* What the task requires:
Repeat each entry exactly and drop the pictures.

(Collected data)
⟨

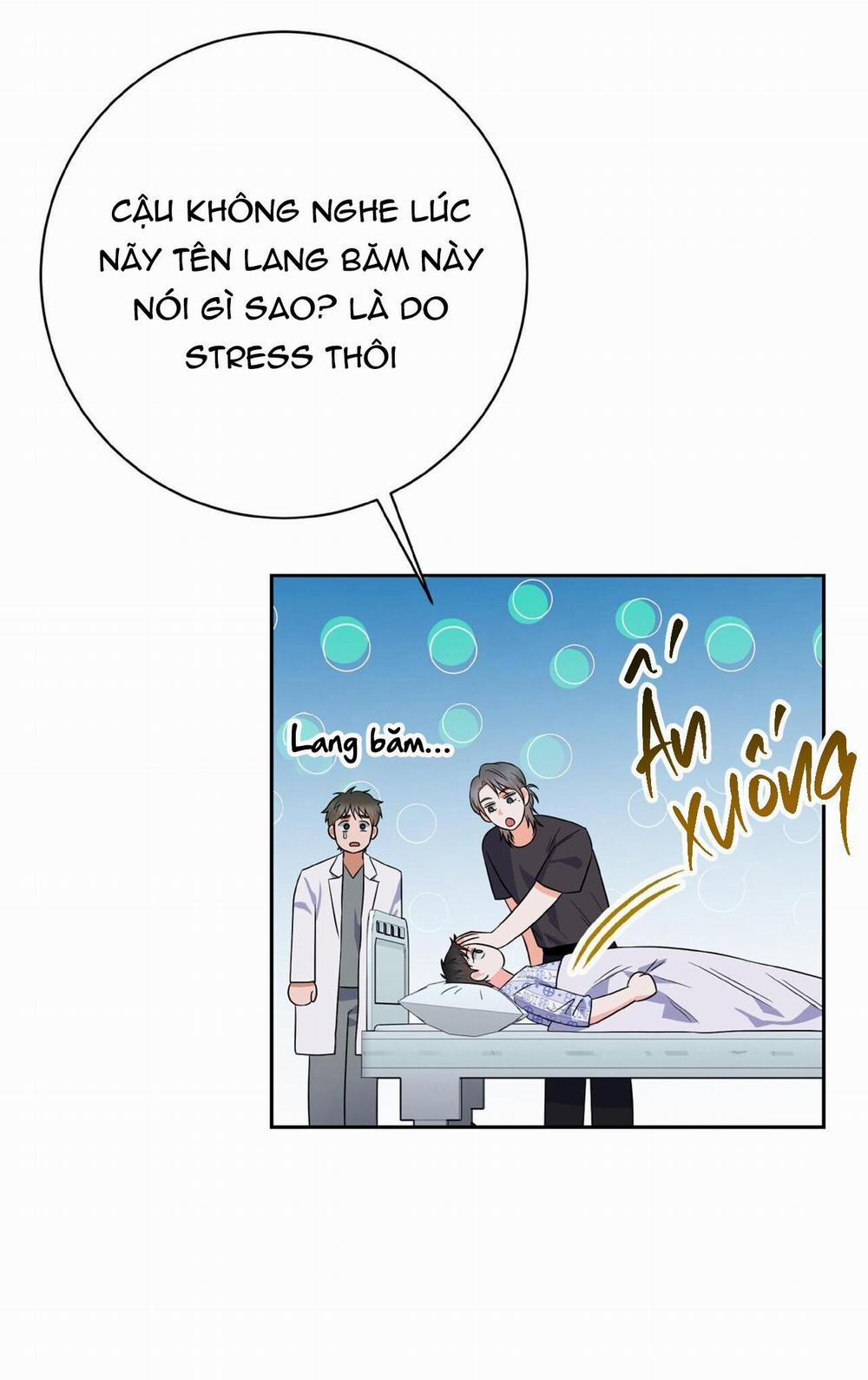 Chán Ghét 23 trang 39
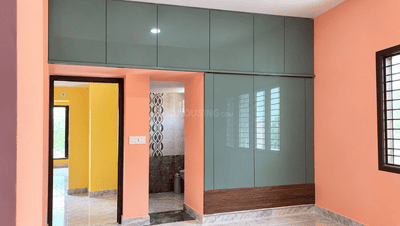 Bedroom Image of 1000 Sq.ft 2 BHK Independent House for sale in Kallakkurichi Town Kallakurichi for Rs. 6500000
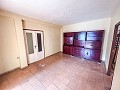 Gran Proyecto de Reforma con Opción de Comercio y 2 Apartamentos in Real Estate Alicante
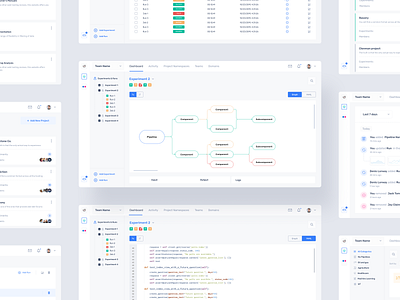 Data Pipeline Dashboard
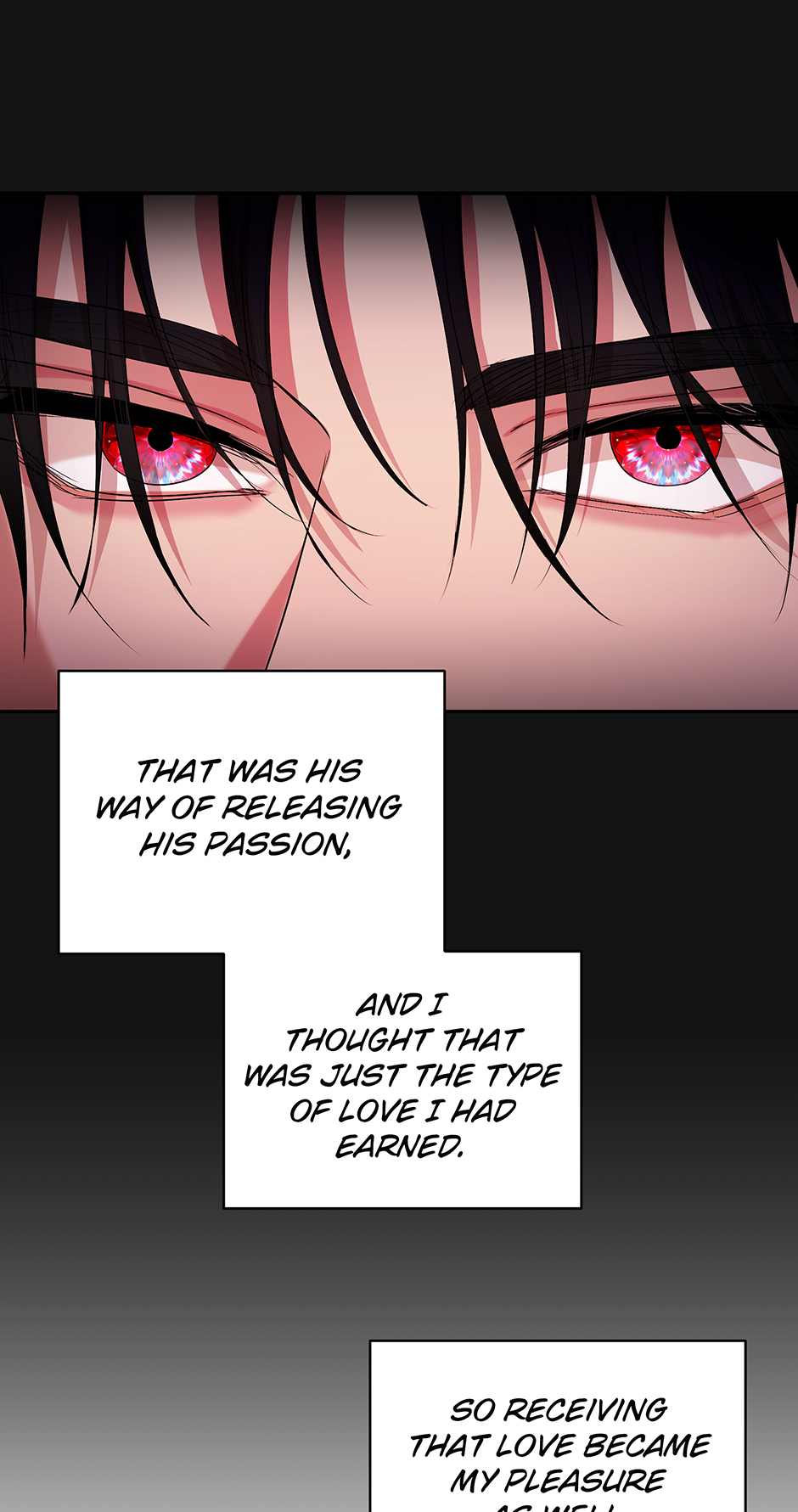 A Breath in the End of Verdure Chapter 6 page 60 -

⟩

* Exercise result:
 Chán Ghét 23 trang 39
 Bedroom Image of 1000 Sq.ft 2 BHK Independent House for sale in Kallakkurichi Town Kallakurichi for Rs. 6500000
 Gran Proyecto de Reforma con Opción de Comercio y 2 Apartamentos in Real Estate Alicante
 Data Pipeline Dashboard
 A Breath in the End of Verdure Chapter 6 page 60 -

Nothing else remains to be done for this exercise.